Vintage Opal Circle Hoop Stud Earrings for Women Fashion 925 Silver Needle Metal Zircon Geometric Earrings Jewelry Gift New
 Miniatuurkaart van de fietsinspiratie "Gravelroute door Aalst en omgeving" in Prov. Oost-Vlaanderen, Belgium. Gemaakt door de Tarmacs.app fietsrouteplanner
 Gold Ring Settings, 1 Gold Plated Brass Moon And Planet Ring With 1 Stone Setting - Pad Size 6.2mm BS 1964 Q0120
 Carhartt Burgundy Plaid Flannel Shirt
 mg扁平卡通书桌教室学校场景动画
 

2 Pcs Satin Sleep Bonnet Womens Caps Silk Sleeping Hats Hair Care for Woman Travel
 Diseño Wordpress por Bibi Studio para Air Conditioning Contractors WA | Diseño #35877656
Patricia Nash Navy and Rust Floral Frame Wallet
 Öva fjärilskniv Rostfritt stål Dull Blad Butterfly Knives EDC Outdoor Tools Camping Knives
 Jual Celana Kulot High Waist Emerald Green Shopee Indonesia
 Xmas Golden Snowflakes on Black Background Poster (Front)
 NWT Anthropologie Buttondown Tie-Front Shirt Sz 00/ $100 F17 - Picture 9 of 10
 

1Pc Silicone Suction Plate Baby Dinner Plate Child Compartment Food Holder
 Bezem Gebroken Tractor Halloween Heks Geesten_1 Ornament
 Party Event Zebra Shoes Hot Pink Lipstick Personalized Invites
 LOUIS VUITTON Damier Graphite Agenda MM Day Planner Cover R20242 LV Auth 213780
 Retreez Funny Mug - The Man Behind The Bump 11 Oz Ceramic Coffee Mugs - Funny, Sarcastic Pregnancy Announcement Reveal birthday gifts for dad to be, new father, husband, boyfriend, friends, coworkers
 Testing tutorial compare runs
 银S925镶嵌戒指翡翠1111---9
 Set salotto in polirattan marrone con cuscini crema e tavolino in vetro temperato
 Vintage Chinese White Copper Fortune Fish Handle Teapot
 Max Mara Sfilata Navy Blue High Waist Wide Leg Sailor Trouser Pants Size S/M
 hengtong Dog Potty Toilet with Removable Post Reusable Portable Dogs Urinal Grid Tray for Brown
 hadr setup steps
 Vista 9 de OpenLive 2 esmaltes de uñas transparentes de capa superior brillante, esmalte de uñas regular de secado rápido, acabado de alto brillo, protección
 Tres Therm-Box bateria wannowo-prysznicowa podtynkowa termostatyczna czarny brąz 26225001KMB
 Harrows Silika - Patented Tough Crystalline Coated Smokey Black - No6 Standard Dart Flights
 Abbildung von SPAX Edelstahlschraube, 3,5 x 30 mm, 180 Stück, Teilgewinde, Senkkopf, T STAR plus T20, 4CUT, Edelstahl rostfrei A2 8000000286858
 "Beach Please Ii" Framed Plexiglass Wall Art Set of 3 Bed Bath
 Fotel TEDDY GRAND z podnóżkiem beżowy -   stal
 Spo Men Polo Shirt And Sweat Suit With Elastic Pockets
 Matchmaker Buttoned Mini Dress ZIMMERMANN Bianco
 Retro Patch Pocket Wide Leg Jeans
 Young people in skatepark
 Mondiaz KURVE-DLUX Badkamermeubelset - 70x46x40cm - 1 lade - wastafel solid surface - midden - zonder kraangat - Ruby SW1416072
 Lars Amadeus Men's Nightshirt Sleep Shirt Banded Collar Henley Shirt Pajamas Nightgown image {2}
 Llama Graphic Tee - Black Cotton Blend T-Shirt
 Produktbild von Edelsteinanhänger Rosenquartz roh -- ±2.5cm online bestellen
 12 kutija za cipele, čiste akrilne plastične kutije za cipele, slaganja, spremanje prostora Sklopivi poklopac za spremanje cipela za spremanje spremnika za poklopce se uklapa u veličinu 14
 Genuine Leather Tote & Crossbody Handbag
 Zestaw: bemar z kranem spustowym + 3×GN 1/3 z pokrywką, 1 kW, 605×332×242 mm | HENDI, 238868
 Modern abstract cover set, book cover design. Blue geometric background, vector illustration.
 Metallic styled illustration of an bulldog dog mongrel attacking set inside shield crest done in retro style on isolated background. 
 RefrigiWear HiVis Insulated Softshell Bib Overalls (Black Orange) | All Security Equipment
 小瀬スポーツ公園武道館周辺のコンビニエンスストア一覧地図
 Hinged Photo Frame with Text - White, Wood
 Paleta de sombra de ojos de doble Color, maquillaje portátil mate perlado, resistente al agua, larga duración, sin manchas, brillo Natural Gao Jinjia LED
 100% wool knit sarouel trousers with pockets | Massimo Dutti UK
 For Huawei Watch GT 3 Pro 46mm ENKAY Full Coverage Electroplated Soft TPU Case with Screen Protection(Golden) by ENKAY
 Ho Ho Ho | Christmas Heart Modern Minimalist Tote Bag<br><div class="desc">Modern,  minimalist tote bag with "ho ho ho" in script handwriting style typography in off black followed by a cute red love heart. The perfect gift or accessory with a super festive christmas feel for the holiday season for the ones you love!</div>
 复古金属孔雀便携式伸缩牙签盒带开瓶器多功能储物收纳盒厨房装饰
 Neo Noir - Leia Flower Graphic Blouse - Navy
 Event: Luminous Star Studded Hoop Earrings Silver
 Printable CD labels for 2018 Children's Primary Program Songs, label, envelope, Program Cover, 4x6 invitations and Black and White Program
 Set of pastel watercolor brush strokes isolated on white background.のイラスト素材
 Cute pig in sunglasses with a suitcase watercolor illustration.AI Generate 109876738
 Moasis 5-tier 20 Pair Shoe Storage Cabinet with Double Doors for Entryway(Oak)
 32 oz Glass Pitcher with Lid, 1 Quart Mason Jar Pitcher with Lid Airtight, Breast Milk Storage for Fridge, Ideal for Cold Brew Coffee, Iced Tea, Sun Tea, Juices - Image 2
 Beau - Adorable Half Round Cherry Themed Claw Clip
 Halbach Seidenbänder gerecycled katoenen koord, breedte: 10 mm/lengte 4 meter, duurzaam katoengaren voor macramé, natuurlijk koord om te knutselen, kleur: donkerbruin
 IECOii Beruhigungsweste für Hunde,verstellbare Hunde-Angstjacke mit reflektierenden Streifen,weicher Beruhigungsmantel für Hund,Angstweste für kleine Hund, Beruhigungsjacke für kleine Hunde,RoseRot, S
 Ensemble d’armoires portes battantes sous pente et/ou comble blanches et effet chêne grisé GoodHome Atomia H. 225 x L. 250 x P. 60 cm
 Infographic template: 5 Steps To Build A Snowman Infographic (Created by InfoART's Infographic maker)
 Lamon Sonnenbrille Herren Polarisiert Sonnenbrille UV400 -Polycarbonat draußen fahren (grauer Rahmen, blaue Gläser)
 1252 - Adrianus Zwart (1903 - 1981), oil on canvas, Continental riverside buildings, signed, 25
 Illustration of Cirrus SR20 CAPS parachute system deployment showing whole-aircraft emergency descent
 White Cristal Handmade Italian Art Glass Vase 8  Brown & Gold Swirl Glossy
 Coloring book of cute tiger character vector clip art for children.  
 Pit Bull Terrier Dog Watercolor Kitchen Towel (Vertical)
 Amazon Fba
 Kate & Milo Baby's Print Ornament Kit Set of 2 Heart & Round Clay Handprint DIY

Required work —
Lines to set down from above: the line with "100% wool knit", the line with "Beau - Adorable", and every line between, each exactly as written.

Exercise result —
 100% wool knit sarouel trousers with pockets | Massimo Dutti UK
 For Huawei Watch GT 3 Pro 46mm ENKAY Full Coverage Electroplated Soft TPU Case with Screen Protection(Golden) by ENKAY
 Ho Ho Ho | Christmas Heart Modern Minimalist Tote Bag<br><div class="desc">Modern,  minimalist tote bag with "ho ho ho" in script handwriting style typography in off black followed by a cute red love heart. The perfect gift or accessory with a super festive christmas feel for the holiday season for the ones you love!</div>
 复古金属孔雀便携式伸缩牙签盒带开瓶器多功能储物收纳盒厨房装饰
 Neo Noir - Leia Flower Graphic Blouse - Navy
 Event: Luminous Star Studded Hoop Earrings Silver
 Printable CD labels for 2018 Children's Primary Program Songs, label, envelope, Program Cover, 4x6 invitations and Black and White Program
 Set of pastel watercolor brush strokes isolated on white background.のイラスト素材
 Cute pig in sunglasses with a suitcase watercolor illustration.AI Generate 109876738
 Moasis 5-tier 20 Pair Shoe Storage Cabinet with Double Doors for Entryway(Oak)
 32 oz Glass Pitcher with Lid, 1 Quart Mason Jar Pitcher with Lid Airtight, Breast Milk Storage for Fridge, Ideal for Cold Brew Coffee, Iced Tea, Sun Tea, Juices - Image 2
 Beau - Adorable Half Round Cherry Themed Claw Clip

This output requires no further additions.